- [WHAT TO WORK ON]
Look below for the line that has "Samoa White Sunday"; output exactly from it through the line that has "Wooden Farmhouse Table", and leave the pictures out.
[Opening DATA FOR THE TASK section]
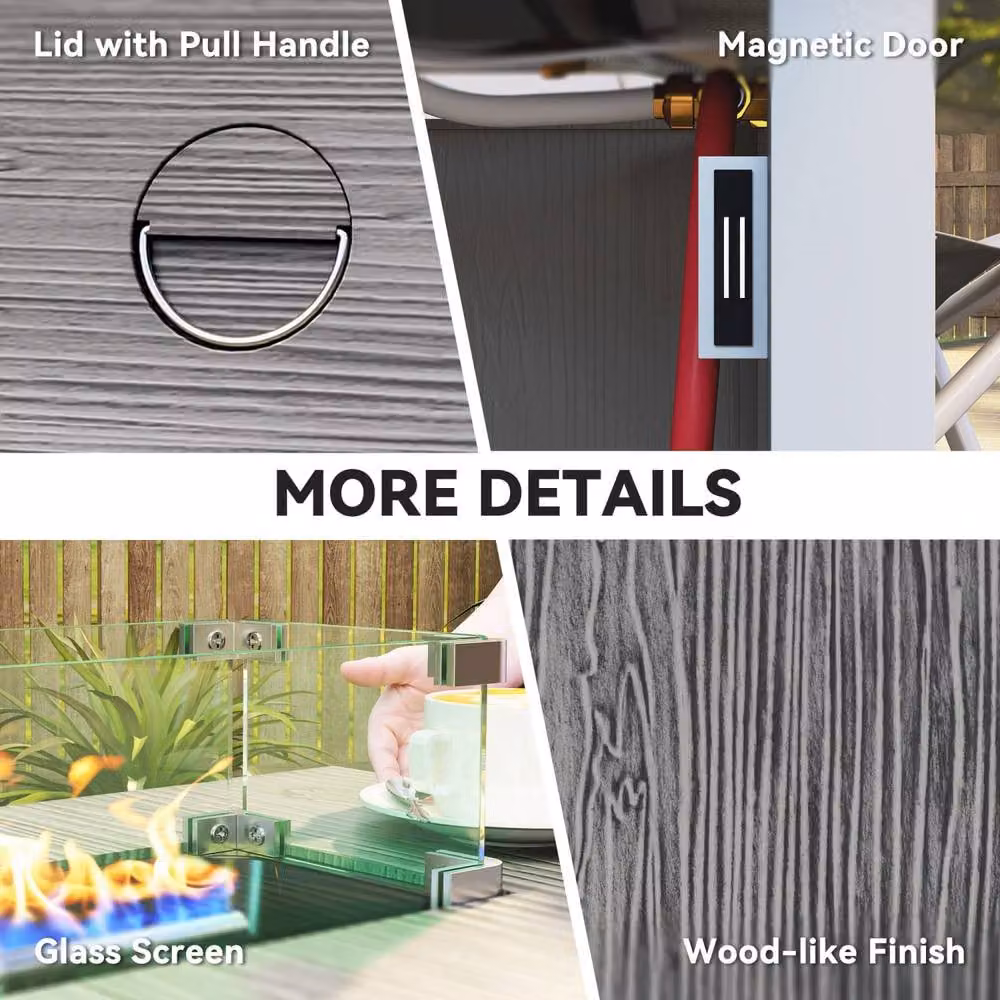Wyld Haus Rectangular Dark Grey Steel Gas Fire Pit Table with Glass Guard Cover W/D/H: 109 x 56 x 32 cm – 7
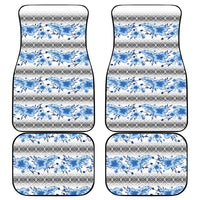 Samoa White Sunday Car Mats Samoan Tapa Blue Hibiscus - Polynesian Pride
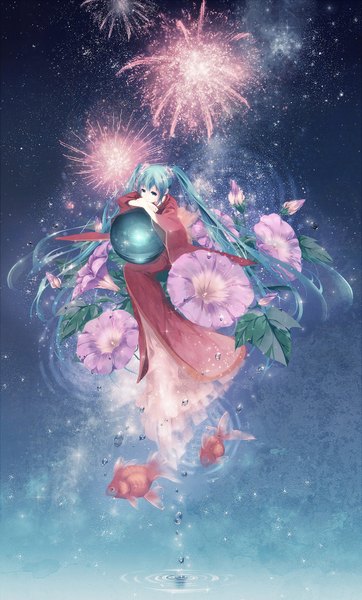 Anime picture 1208x2000 with vocaloid hatsune miku mirusa single long hair tall image smile sitting twintails very long hair japanese clothes aqua eyes aqua hair hug fireworks girl flower (flowers) kimono fish (fishes) morning glory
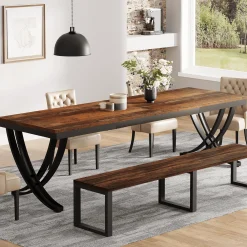 78.74“ Rectangular Dining Table for 6-8, Large Wooden Farmhouse Table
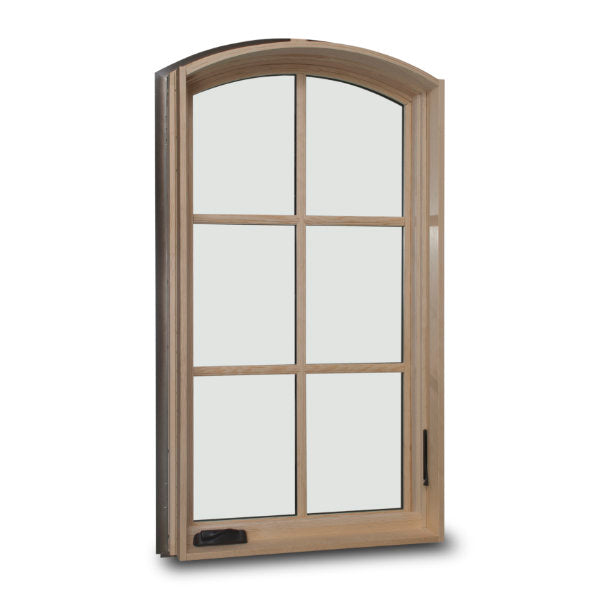 Rothnow® wooden window with round-head casement design, black finish, featuring a classic window style with visible wooden frame.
[Closing DATA FOR THE TASK section]
- [YOUR SOLUTION]
 Samoa White Sunday Car Mats Samoan Tapa Blue Hibiscus - Polynesian Pride
 Anime picture 1208x2000 with vocaloid hatsune miku mirusa single long hair tall image smile sitting twintails very long hair japanese clothes aqua eyes aqua hair hug fireworks girl flower (flowers) kimono fish (fishes) morning glory
 78.74“ Rectangular Dining Table for 6-8, Large Wooden Farmhouse Table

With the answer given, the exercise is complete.